The Dubai financial crisis has fuelled fears among families of over two million migrants from Kerala working in the Gulf, with worries of massive job losses and its fallout on the state’s economy, heavily dependent on remittances.
The crisis erupted last week, when the Emirate said it would delay payment on debt issued by Dubai World, a leading investment firm, sending waves of panic across global markets.
While experts have forecast job cuts and a steep fall in remittances if the present trend continued, another view is that Dubai is resilient enough to overcome the current bad patch.
State Finance Minister, T.M. Thomas Isaac says, he is very “anxious” about the possible slowdown in construction activity in the Gulf, following the crisis which would badly affect migrant workers from Kerala.

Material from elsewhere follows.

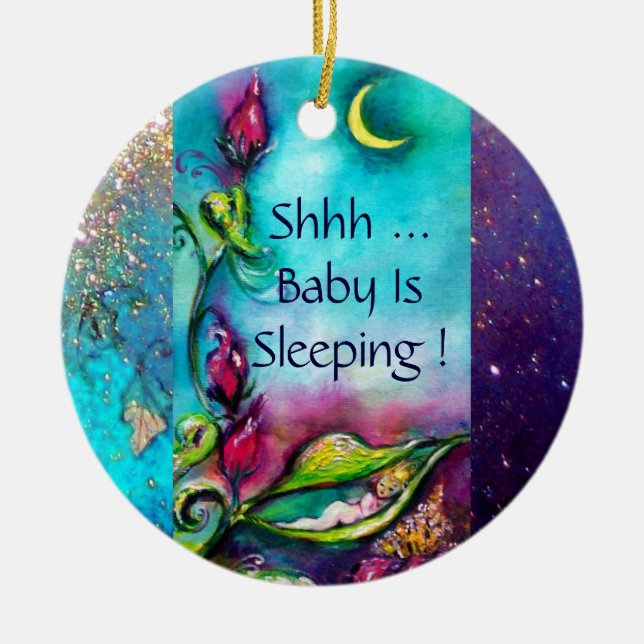 THUMBELINA  PINK RUBY HEART MONOGRAM DOOR HANGER CERAMIC ORNAMENT (Front)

“A majority of workers in the construction sector in the Gulf are from Kerala. We are really anxious about their future,” he told PTI here.

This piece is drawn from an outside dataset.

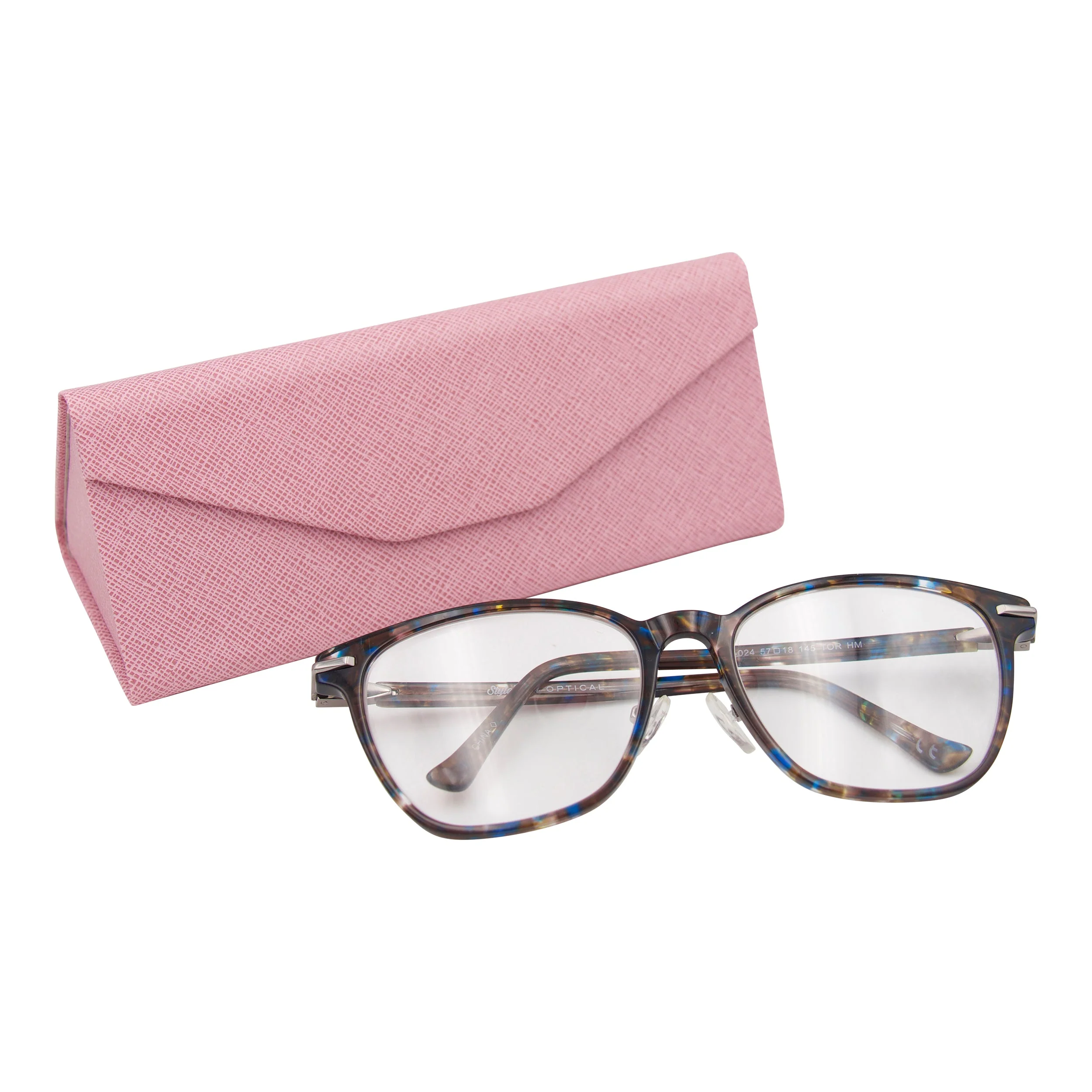 Pink Solid Color Glasses Case - Vegan Leather Magic Folding Hardcase - Image 4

“I think the world economic recession is finally taking its toll on the Gulf region also,” he said.
On Dubai World asking its creditors for a ‘standstill’ on paying back its USD 60 billion debt until May 2010, Isaac said it might be a way of politely saying they needed a six-month moratorium.
Irudarayarajan, a faculty member with the state’s premier economic and social research institute Centre for Development Studies here has said, “we should not be too much worried about these things. Similar fears were expressed during the crisis in the Gulf last October, but nothing happened,” he told PTI.

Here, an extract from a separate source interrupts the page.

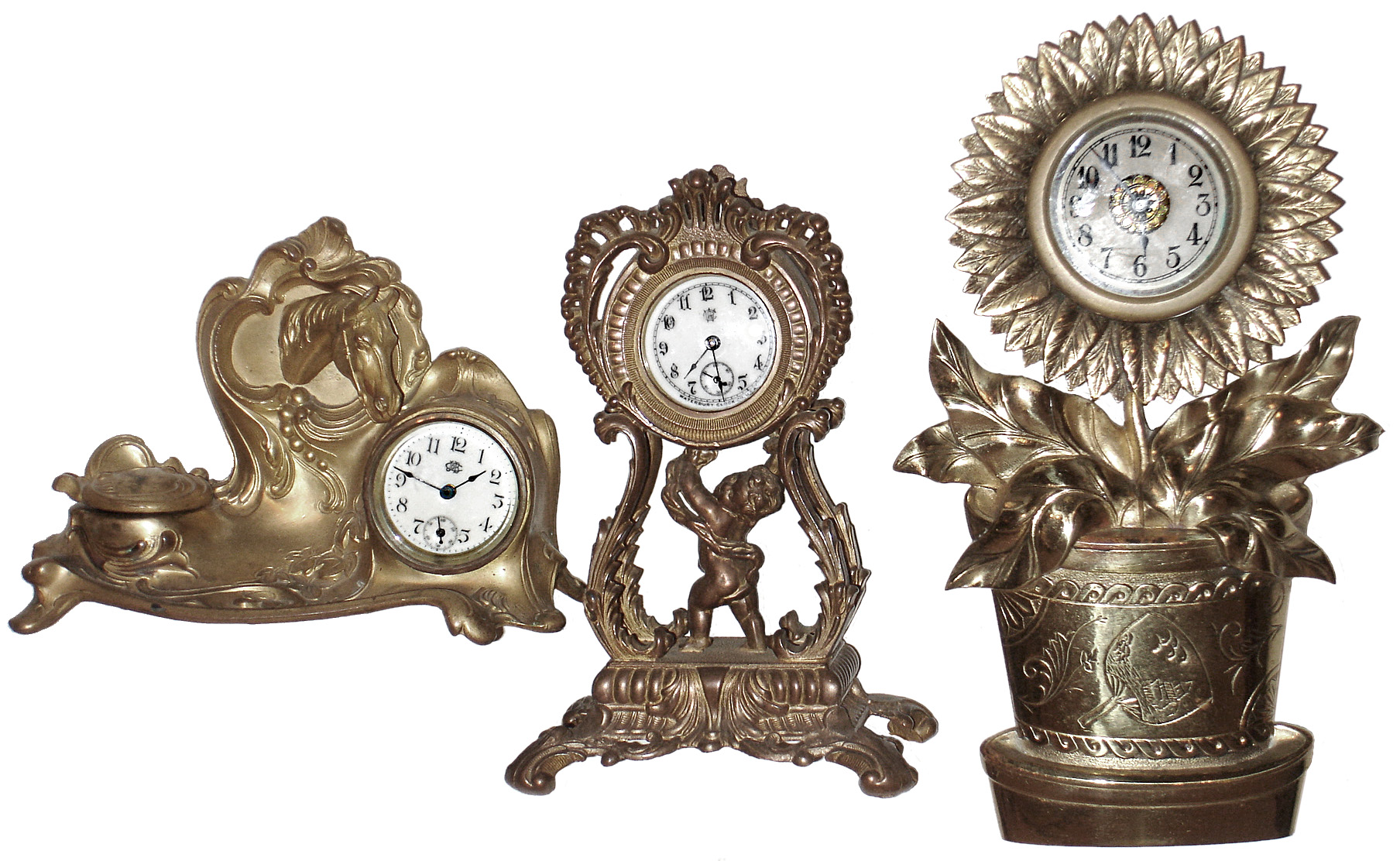 Clocks- 3 (Three) gilt cast metal 30 hour rear wind novelty time pieces: Waterbury "Alma" and "Sunflower", Jennings Bros. horse and inkwell, c1890. — Antique Clocks Price Guide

During the last crisis, experts had predicted some five lakh people would return from the Gulf and that the Kerala economy would be hit hard, but no such thing happened, Irudayarajan said.
“Dubai is still alive, though construction activities are a bit slow. Basically the problems of Dubai will be relieved as other Emirates are doing well. A strong Abu Dhabi itself can bail out Dubai in a crisis,” the economist said.
He does not think the crisis would affect either migration from Kerala or remittances from the Gulf. “Migration and remittances were not affected in the last crisis also,” he said.
Irudayarajan said he had conducted a study on South Asian migration to the Gulf, which found that besides India, migration from Pakistan, Bangladesh, Sri Lanka and Nepal had increased in the last 10 months and people were still going.
Agreeing there would be some short-term problems with the crisis, he said it would be solved “at the end of the day.” “What government should do is to create a conducive atmosphere for people willing to return to their country, as there are enough job opportunities here if people are willing to work.”
The Kerala government is as yet clueless about the crisis and its possible impact on the state. Finance Minister Isaac reacted cautiously, saying the whole dimension of the crisis is yet to be known.
“It is crucial to understand the impact on major financial institutions who have lent money to Dubai World before we can gauge the extent of its impact on Kerala,” he said, echoing the general feeling that the state would have to feel the pinch, if the situation snowballs into a meltdown hitting the Gulf badly.